Je crois que pendant très longtemps la société n’a pas valorisé la femme entrepreneure voire ne l’a pas encouragée du tout. Le phénomène est très récent. D’ailleurs la majorité des femmes entrepreneures ont souvent moins de 40 ans. Il s’agit donc d’une question d’éducation, le modèle de l’entrepreneur a toujours été très masculin.

 

Toutefois, il est important de noter que le nombre de femmes entrepreneures augmentent chaque année, c’est un bon signe pour l’avenir de nos filles et de notre société en général.

 

De quoi avez-vous le plus besoin aujourd'hui pour réussir votre projet?

 

De mon conjoint ! On a souvent dit, pour illustrer la réussite masculine : « derrière un grand homme se cache une femme ». Ce n’est pas différent pour nous non plus ! Et bien qu’il ait, lui aussi, un poste à responsabilité, c’est un véritable partenaire dans notre quotidien.

 

J’ajouterai qu’il est également essentiel de continuer d’apprendre, en permanence.

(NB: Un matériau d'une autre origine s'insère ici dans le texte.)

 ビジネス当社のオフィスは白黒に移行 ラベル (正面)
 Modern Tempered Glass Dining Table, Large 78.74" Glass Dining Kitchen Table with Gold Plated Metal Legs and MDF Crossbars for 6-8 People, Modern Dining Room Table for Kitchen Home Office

On voit d’ailleurs apparaître la notion de « serial learner » et je suis en phase avec cette idée : le premier investissement que l’on puisse faire, c’est d’investir en soi et d’apprendre pour progresser.

 

Quels conseils donneriez-vous aux femmes qui veulent se lancer dans l'entreprenariat?

 

D’être intérieurement alignées avec leur ambition professionnelle, de décider vers quoi elles souhaitent aller et d’agir !

 

 

DYNAMIQUE DU RESEAU FdT

 

Grâce à la dynamique du réseau, nous encourageons et partageons des opportunités professionnelles au sein de nos entreprises.

 

Interview de Mathilde Vialla, commerciale Charter et Support chez HOP

Pouvez-vous vous présenter en quelques mots ?

 

Mathilde Vialla, 26 ans, jeune salariée passionnée par les voyages et l'aérien, je travaille depuis Juin 2014 au sein de la compagnie aérienne Hop !. Directement rattachée à la direction commerciale Hop ! dont les locaux sont situés au siège social à Rungis, j'occupe le poste de « Commerciale charter et support » au service des vols spéciaux/affrétés (j'entends par spéciaux/affrétés lorsque l'appareil est loué dans sa totalité par un seul et même client).

 

Que faisiez-vous avant de joindre HOP ?

 

Après avoir obtenu un Bachelor en Management de l’Industrie du Voyage et des Loisirs (équivalent à une Licence) à l'Ecole Supérieure de Commerce Troyes, j'ai poursuivi mes études pendant 2 ans à la Sorbonne et plus précisément à l'IREST - Institut de recherche et d'études supérieures du tourisme - pour préparer un Master 1 et 2 en Gestion des Activités Touristiques et Hôtelières.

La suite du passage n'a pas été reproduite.